On a Generalization of the Notion of Semidirect Product of Groups

TL;DR

This paper generalizes the concept of semidirect products of groups by introducing an external version, providing algebraic criteria and algorithms for their construction and homomorphisms, with applications to hypercrossed complexes.

Contribution

It introduces an external generalization of the internal r-fold semidirect product of groups, along with algorithms and criteria for their algebraic properties and homomorphisms.

Findings

Provides an algorithmic procedure for axioms of external SDP

Establishes criteria for homomorphisms from factors to entire SDP

Lays groundwork for algebraic axioms of hypercrossed complexes

Abstract

We introduce an external version of the internal r-fold semidirect product of groups (SDP) of Carrasco and Cegarra. Just as for the classical external SDP, certain algebraic data are required to guarantee associativity of the construction.
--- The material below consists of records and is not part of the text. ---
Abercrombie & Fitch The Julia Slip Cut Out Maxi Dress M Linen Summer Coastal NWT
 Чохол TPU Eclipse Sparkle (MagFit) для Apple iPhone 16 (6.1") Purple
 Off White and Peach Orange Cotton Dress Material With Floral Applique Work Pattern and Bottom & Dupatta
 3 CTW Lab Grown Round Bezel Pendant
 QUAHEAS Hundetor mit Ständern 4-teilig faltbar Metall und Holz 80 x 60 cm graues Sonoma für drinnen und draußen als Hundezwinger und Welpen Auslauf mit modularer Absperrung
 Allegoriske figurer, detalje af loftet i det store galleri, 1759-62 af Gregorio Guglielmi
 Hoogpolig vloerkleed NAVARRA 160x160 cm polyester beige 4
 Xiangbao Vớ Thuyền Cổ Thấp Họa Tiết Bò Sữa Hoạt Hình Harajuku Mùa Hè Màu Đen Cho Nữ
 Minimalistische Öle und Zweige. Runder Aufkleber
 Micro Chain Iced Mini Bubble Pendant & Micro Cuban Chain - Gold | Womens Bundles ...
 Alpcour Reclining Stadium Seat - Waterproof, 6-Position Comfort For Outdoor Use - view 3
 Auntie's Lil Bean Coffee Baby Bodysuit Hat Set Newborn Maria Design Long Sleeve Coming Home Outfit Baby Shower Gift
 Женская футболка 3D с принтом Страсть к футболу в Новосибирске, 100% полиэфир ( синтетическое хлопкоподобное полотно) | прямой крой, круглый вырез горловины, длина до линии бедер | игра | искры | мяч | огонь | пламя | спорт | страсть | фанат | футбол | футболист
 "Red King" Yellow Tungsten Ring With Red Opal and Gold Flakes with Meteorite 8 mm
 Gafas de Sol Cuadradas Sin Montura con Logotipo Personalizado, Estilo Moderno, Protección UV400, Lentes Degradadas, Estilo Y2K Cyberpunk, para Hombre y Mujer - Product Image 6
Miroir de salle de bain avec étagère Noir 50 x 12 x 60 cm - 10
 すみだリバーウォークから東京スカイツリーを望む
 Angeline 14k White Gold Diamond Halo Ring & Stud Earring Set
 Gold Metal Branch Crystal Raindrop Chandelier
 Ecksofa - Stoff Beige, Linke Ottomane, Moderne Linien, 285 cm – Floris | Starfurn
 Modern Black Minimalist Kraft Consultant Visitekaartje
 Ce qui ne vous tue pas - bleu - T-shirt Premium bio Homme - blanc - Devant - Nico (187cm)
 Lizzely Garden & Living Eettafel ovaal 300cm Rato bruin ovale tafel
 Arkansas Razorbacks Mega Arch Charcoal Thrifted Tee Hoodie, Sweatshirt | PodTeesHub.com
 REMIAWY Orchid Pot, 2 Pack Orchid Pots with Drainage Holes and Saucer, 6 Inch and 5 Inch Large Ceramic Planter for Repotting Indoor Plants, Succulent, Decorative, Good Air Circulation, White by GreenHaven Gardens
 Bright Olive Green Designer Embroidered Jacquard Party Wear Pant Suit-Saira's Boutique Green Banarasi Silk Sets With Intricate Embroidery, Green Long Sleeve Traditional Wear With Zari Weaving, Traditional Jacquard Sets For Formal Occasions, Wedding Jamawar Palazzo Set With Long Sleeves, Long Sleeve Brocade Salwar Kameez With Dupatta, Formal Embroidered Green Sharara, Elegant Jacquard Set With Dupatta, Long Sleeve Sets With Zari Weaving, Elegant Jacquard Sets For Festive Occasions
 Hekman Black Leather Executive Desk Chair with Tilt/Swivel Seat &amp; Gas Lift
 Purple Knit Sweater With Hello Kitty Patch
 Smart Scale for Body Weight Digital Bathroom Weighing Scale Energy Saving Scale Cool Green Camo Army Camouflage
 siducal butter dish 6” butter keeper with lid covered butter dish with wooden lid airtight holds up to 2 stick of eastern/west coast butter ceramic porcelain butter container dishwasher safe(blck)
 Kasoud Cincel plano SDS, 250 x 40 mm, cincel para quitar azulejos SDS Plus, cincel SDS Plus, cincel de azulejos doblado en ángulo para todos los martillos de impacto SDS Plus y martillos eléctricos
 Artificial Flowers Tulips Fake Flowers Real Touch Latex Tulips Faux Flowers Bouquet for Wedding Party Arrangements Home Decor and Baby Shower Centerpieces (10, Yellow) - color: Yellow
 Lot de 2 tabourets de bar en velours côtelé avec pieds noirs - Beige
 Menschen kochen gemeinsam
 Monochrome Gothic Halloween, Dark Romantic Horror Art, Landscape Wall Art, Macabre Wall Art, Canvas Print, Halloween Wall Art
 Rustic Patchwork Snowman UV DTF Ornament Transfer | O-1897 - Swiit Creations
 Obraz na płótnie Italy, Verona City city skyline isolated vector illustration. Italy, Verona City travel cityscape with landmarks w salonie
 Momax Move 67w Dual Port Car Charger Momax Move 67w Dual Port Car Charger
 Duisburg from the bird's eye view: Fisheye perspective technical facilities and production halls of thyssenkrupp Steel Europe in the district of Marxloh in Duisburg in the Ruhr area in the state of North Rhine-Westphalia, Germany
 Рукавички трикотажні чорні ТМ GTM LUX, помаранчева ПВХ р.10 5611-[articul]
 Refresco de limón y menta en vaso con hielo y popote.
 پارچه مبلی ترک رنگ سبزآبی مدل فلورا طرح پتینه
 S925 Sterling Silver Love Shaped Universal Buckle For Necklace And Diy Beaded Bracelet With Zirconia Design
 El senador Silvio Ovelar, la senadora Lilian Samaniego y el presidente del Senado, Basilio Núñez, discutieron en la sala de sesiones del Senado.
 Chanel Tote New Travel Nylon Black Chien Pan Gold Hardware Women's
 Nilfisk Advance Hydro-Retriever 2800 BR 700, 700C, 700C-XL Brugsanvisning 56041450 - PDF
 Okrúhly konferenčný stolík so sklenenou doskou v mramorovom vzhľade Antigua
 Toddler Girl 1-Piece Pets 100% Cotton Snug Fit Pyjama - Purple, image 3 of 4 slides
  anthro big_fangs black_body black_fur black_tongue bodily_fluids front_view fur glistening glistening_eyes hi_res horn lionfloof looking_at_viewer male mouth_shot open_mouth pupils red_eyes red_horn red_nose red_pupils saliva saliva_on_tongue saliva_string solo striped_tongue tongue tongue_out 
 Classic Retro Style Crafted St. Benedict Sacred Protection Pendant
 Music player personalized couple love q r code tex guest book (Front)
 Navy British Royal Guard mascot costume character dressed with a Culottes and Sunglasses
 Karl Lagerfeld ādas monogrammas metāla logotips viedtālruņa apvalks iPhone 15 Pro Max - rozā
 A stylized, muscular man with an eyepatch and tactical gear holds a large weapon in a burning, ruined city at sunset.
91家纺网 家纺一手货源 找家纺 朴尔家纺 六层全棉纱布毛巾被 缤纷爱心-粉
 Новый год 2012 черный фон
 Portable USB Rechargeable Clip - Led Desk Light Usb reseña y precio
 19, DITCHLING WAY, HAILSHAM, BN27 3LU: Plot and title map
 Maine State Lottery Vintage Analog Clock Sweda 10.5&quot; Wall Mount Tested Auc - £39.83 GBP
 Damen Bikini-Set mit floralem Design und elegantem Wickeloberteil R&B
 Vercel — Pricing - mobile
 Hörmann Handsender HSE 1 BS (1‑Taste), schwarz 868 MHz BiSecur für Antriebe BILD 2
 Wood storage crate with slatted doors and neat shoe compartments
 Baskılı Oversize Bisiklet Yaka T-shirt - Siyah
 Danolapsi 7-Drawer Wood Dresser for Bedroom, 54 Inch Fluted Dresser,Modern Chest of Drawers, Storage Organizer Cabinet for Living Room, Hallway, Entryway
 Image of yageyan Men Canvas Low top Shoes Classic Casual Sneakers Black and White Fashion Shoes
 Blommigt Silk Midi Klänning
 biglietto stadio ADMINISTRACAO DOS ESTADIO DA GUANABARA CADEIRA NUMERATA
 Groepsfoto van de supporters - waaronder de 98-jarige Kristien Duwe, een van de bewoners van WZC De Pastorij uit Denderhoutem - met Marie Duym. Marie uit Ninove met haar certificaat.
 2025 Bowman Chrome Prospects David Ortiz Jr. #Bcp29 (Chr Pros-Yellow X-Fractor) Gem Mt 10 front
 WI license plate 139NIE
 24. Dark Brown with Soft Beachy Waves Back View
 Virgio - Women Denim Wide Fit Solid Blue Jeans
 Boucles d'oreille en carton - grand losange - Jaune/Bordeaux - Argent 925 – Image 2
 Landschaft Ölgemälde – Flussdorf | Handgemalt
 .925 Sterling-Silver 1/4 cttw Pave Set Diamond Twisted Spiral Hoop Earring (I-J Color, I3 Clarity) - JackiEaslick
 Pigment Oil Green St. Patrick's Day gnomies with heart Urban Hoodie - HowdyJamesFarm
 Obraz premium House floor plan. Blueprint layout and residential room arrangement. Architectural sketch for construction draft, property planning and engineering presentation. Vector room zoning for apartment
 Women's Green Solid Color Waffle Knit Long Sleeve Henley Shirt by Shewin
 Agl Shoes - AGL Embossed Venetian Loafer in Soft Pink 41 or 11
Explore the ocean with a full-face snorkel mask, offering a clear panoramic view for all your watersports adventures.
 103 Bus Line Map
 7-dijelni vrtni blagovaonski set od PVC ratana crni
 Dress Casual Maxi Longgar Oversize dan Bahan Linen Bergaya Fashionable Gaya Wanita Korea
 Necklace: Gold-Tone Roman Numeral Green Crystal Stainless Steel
We give an algorithmic procedure for computing axioms characterizing these data. Additionally, we give criteria for determining when a family of homomorphisms from the factors of an SDP into a monoid or group assemble into a homomorphism on the entire SDP. These tools will be used elsewhere to give explicit algebraic axioms for hypercrossed complexes, which are algebraic models for classical homotopy types introduced by Carrasco and Cegarra.